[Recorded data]
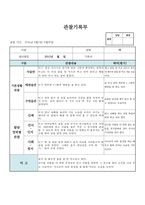 (만0세 관찰일지) 만0세 9월달 관찰일지(6명 분량)-6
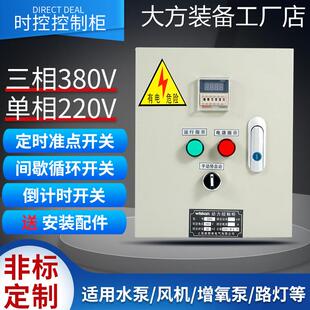 新品可开票对公间歇循环控制器广开关闭自动断电开关无限控制智能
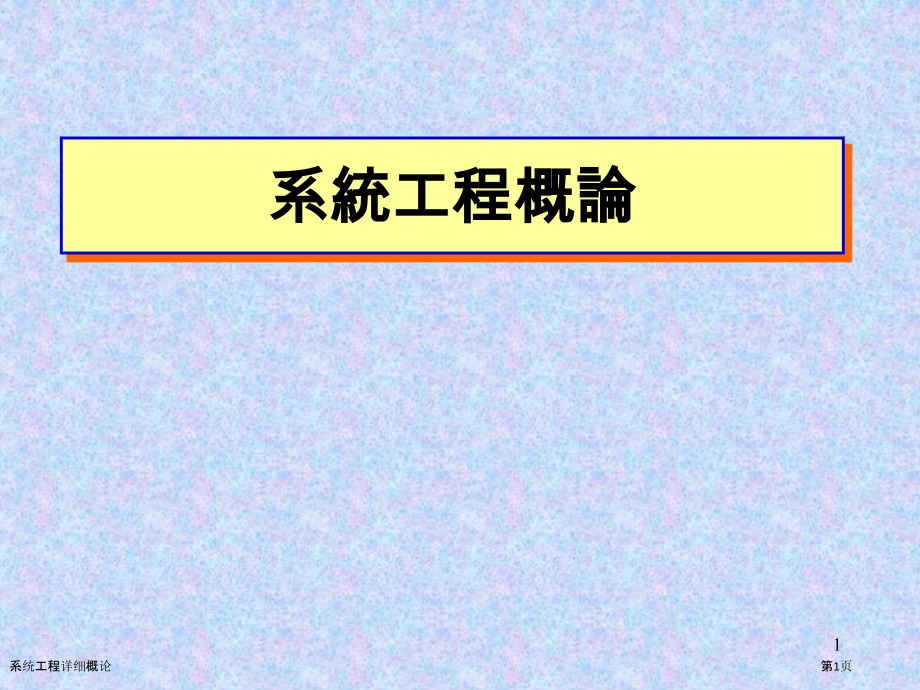 系统工程详细概论.pptx_第1页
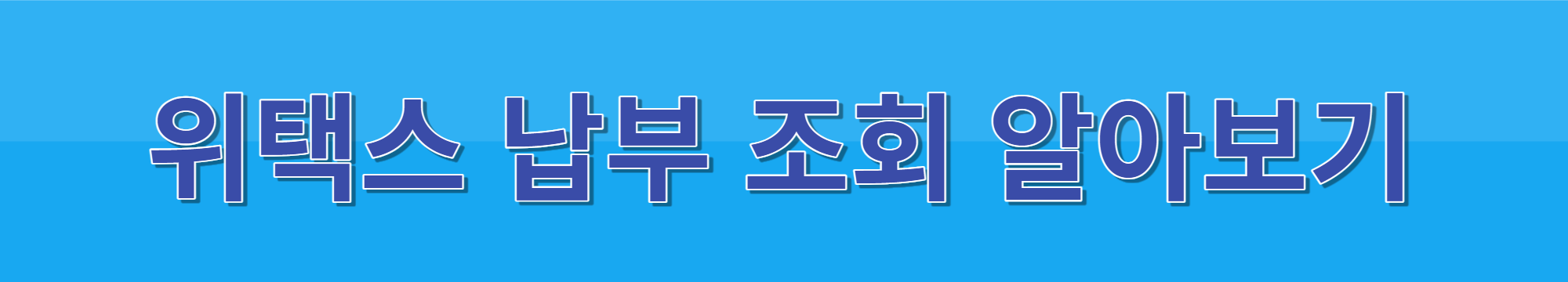 자동차세 조회방법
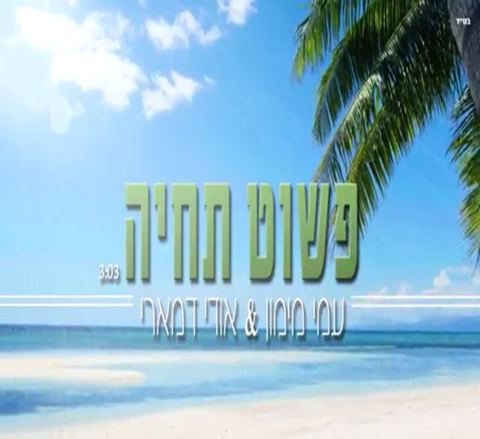 עטיפת האלבום של פשוט תחיה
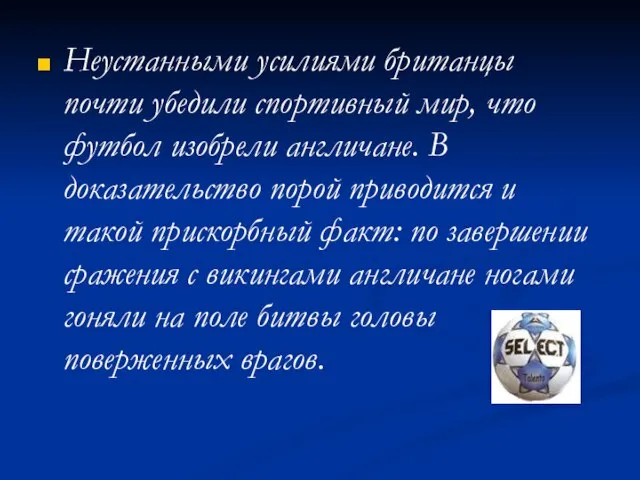 Неустанными усилиями британцы почти убедили спортивный мир, что футбол изобрели англичане. В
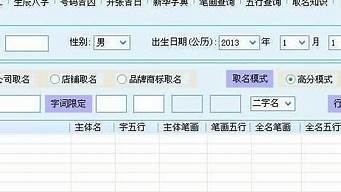 企業(yè)起名查詢系統(tǒng)官網(wǎng)（企業(yè)起名字查詢）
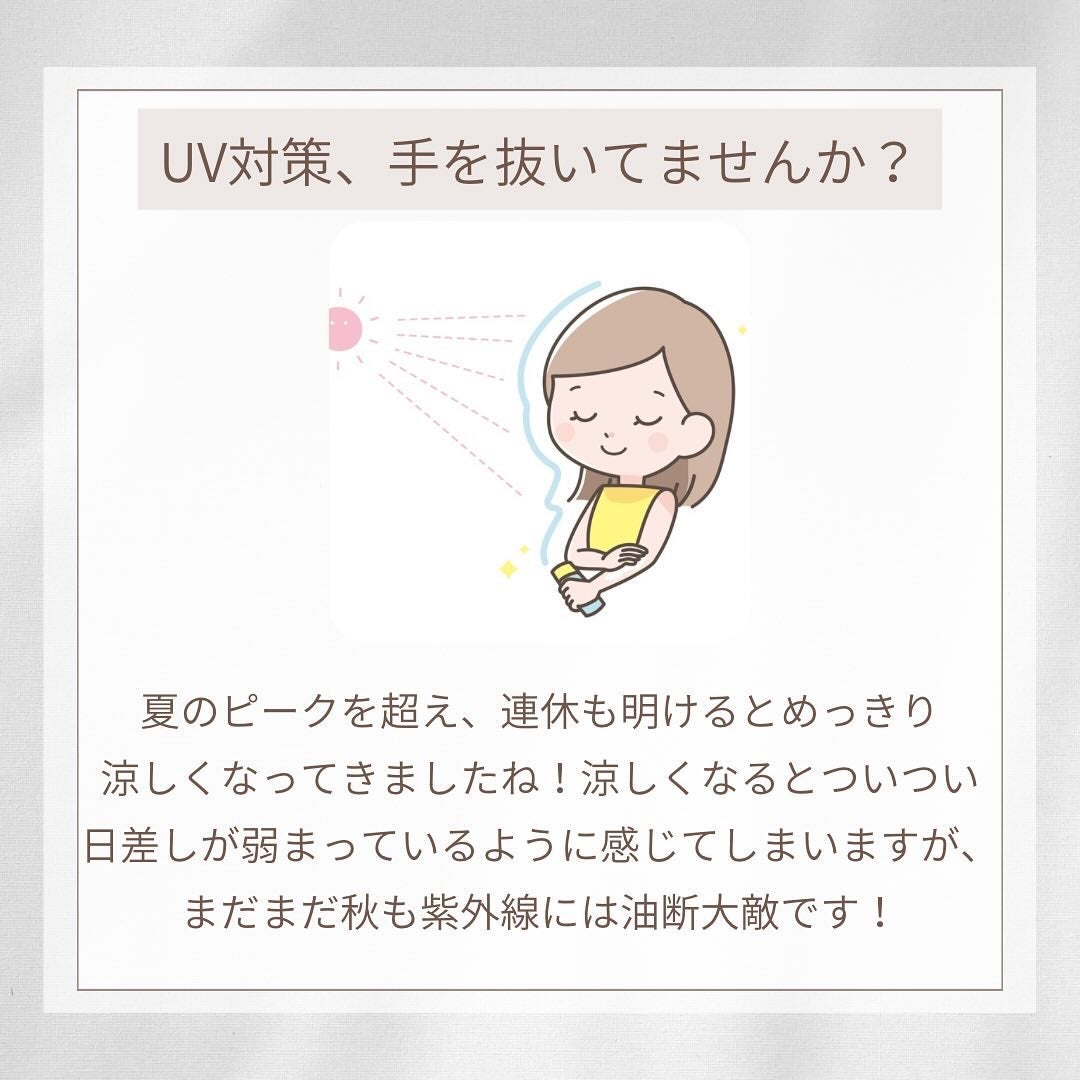 イージープロテクトUVスティック マリングリーン/JMsolution/日焼け止めスティックを使ったクチコミ(2枚目)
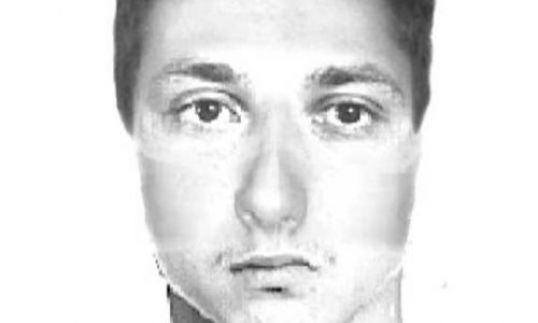 ВНИМАНИЕ! В Котельниче разыскивается педофил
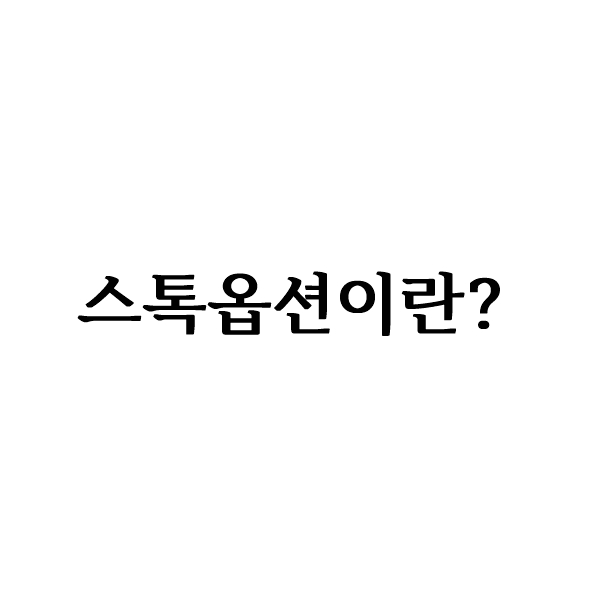  스톡옵션이란?(주식매수선택권)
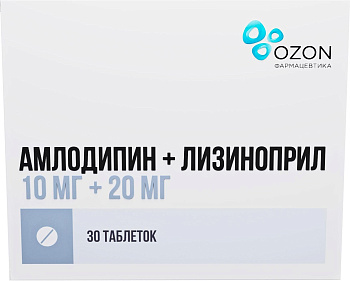Амлодипин+Лизиноприл, таблетки 10 мг +20 мг, 30 шт. 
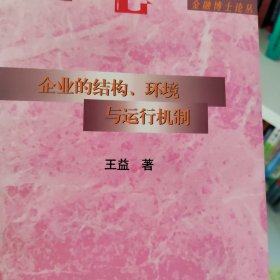 企业的结构、环境与运行机制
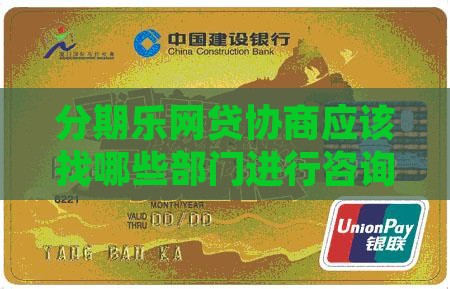 分期乐网贷协商应该找哪些部门进行咨询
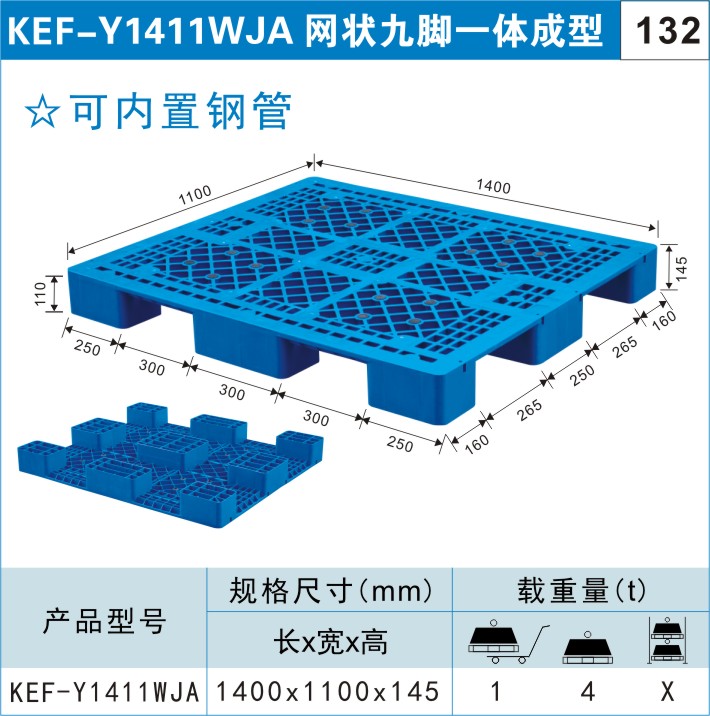 塑料托盘KEF-Y1411WJA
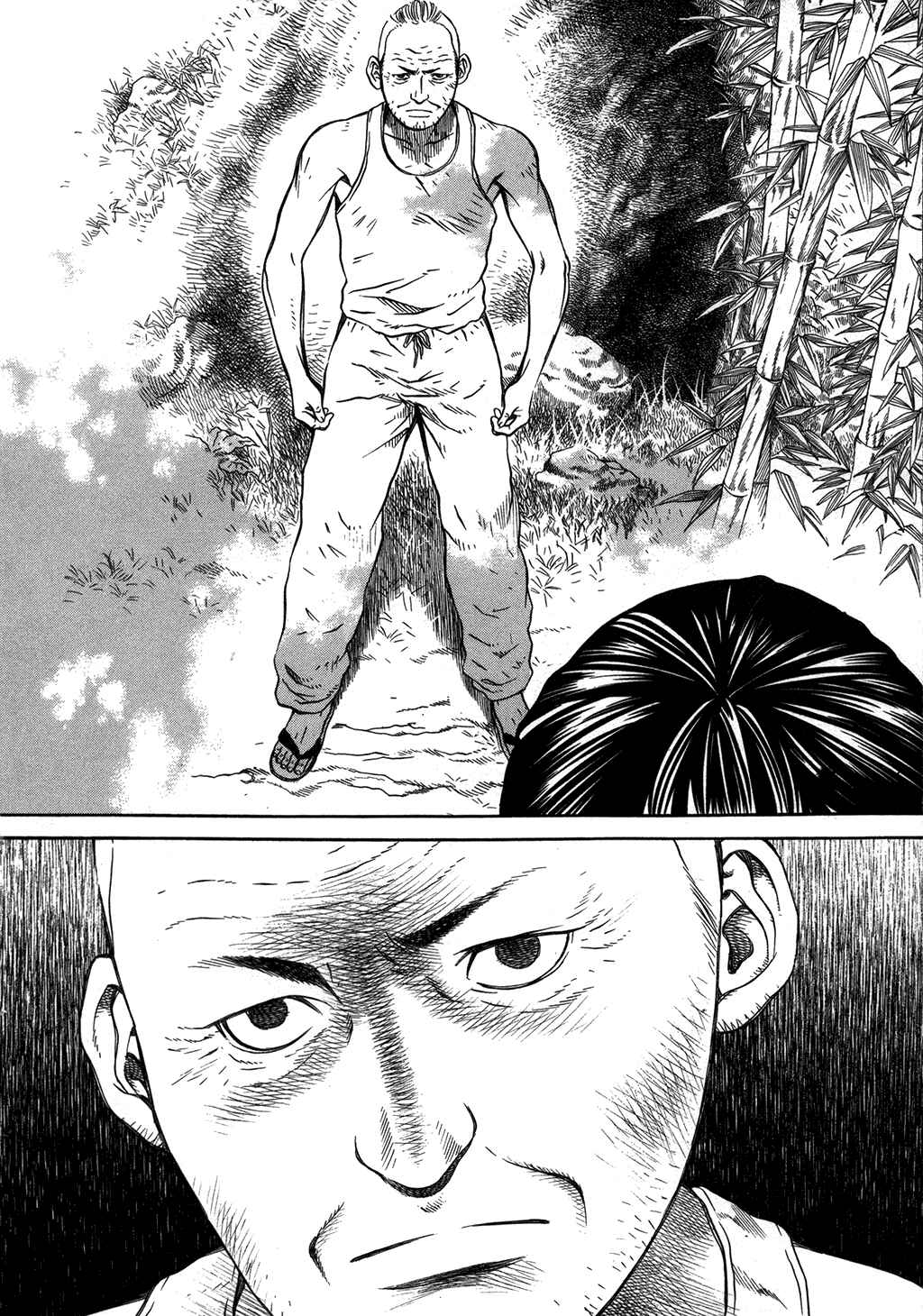 Page 12 Chapter 3 Chinatsus Voice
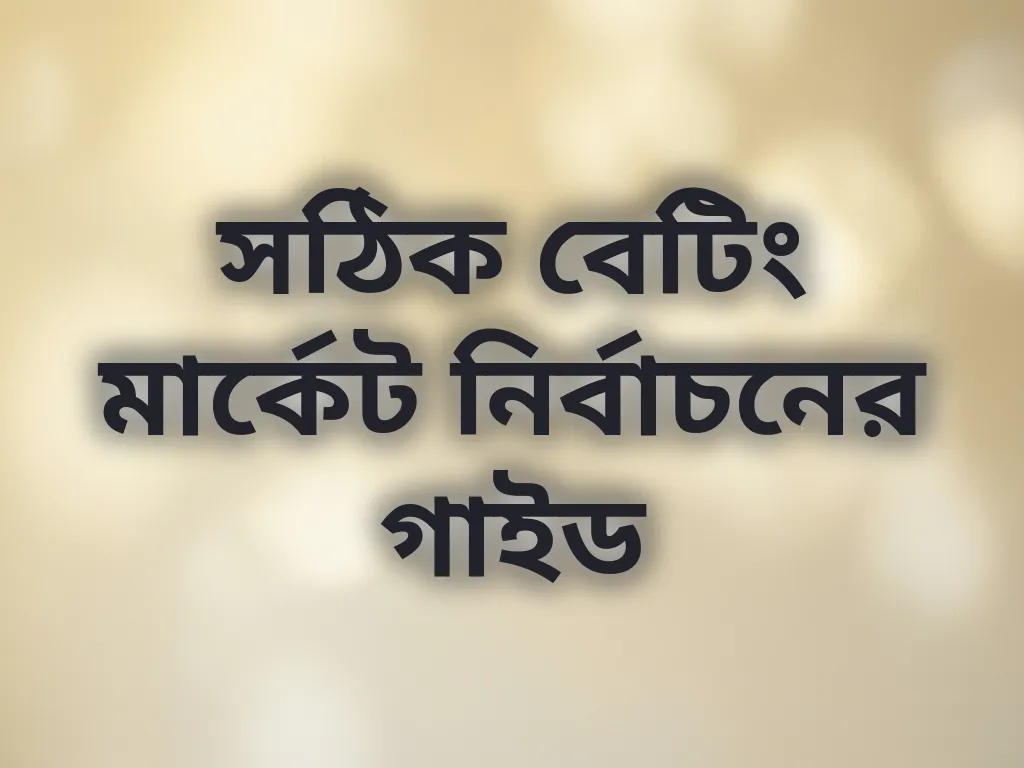 বেটিং মার্কেট গাইড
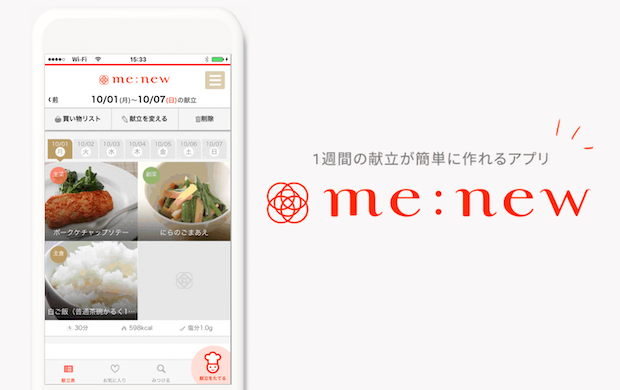 献立一週間作成アプリme New ミーニュー を一週間使ってみて感想 かずきのblog 楽天ブログ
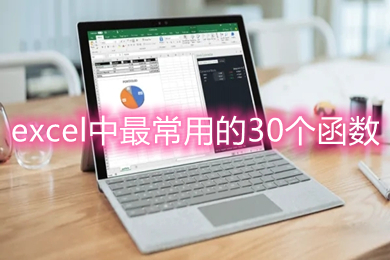 excel中最常用的30個函數(shù) excel中最常用函數(shù)公式大全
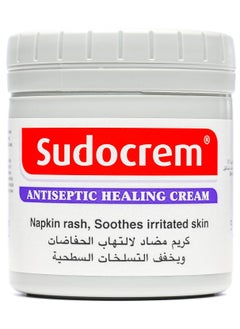 Sudocrem Sudocrem Anti-Inflammatory Cream - 125g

Exercise instructions -
Start to finish, write out the data above exactly, omitting all pictures.

Answer to this problem -
 (만0세 관찰일지) 만0세 9월달 관찰일지(6명 분량)-6
 新品可开票对公间歇循环控制器广开关闭自动断电开关无限控制智能
 系统工程详细概论.pptx_第1页
 자동차세 조회방법
 עטיפת האלבום של פשוט תחיה
 Неустанными усилиями британцы почти убедили спортивный мир, что футбол изобрели англичане. В
 企業(yè)起名查詢系統(tǒng)官網(wǎng)（企業(yè)起名字查詢）
 イージープロテクトUVスティック マリングリーン/JMsolution/日焼け止めスティックを使ったクチコミ(2枚目)
 ВНИМАНИЕ! В Котельниче разыскивается педофил
  스톡옵션이란?(주식매수선택권)
Амлодипин+Лизиноприл, таблетки 10 мг +20 мг, 30 шт. 
 企业的结构、环境与运行机制
 分期乐网贷协商应该找哪些部门进行咨询
 塑料托盘KEF-Y1411WJA
 Page 12 Chapter 3 Chinatsus Voice
 বেটিং মার্কেট গাইড
 献立一週間作成アプリme New ミーニュー を一週間使ってみて感想 かずきのblog 楽天ブログ
 excel中最常用的30個函數(shù) excel中最常用函數(shù)公式大全
 Sudocrem Sudocrem Anti-Inflammatory Cream - 125g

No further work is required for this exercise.